La densidad no es lo mismo que el peso. Es la relación entre la masa de algo y el espacio que ocupa: cuánta materia hay comprimida en un volumen determinado. Se calcula así:

ρ = m / V

Donde ρ (rho) es la densidad, m es la masa en gramos o kilogramos y V es el volumen en centímetros cúbicos o litros.

Dos objetos pueden pesar exactamente lo mismo y tener densidades muy distintas si ocupan volúmenes diferentes. Y cuando dos sustancias no se mezclan, la que tiene menor densidad siempre termina arriba: eso es lo único que decide qué flota sobre qué.

Por qué el hielo flota: el agua es una rareza

En casi todos los materiales, el sólido es más denso que el líquido: las moléculas se compactan al enfriarse. El agua hace justo lo contrario. Al congelarse, sus moléculas se ordenan en una red cristalina con más espacio vacío entre ellas, así que el hielo ocupa más volumen que la misma masa de agua líquida.

Agua líquida (a 4 °C, su punto más denso): ρ ≈ 1.00 g/cm³.

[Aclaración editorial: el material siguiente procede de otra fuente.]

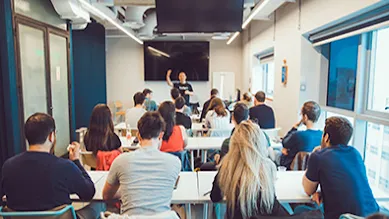 Founders sit at desks in a Google for Startups Campus Tel Aviv classroom, looking up at Google product expert at front of room.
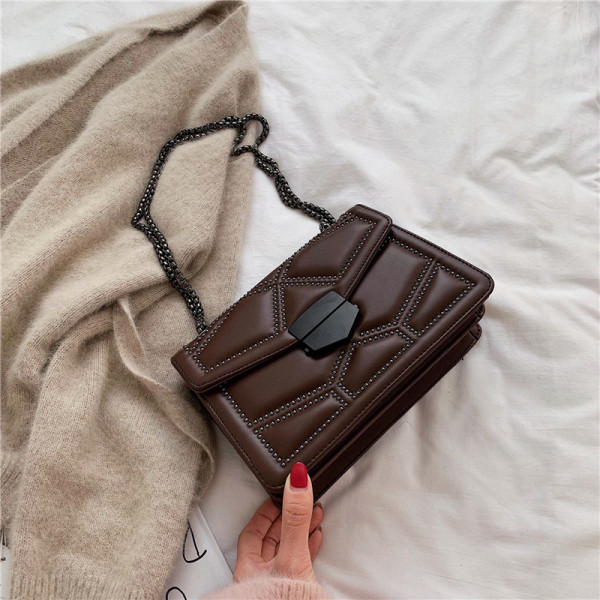 Pika metallist käepidemega ökonahast vabaaja naistekott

Hielo: ρ ≈ 0.92 g/cm³, alrededor de un 8% menos denso que el agua que lo rodea.

Por Arquímedes, la fracción de un objeto que queda sumergida es igual a la relación entre su densidad y la del líquido: 0.92 ÷ 1.00 ≈ 92%. Por eso un cubo de hielo en agua dulce flota con cerca del 92% bajo la superficie y solo un 8% visible —el origen real de la frase "la punta del iceberg".

En agua de mar, algo más densa (≈1.025 g/cm³) por la sal disuelta, esa proporción cambia un poco: un iceberg queda con cerca del 90% sumergido, lo que deja un 10% visible sobre la superficie.

Aceite y agua: por qué no se mezclan aunque floten igual

El aceite también es menos denso que el agua, así que también flota. Pero ahí termina el parecido con el hielo: el aceite no se congela para quedar arriba, y aunque lo agites con fuerza, en cuanto se detiene vuelve a separarse.

Aceite vegetal: ρ ≈ 0.92 g/cm³.

Agua (a temperatura ambiente): ρ ≈ 1.00 g/cm³.

La diferencia de densidad (0.92 frente a 1.00) explica por qué, una vez separados, el aceite queda encima. Pero no explica por qué no se mezclan desde el principio: eso depende de otra propiedad distinta, la polaridad.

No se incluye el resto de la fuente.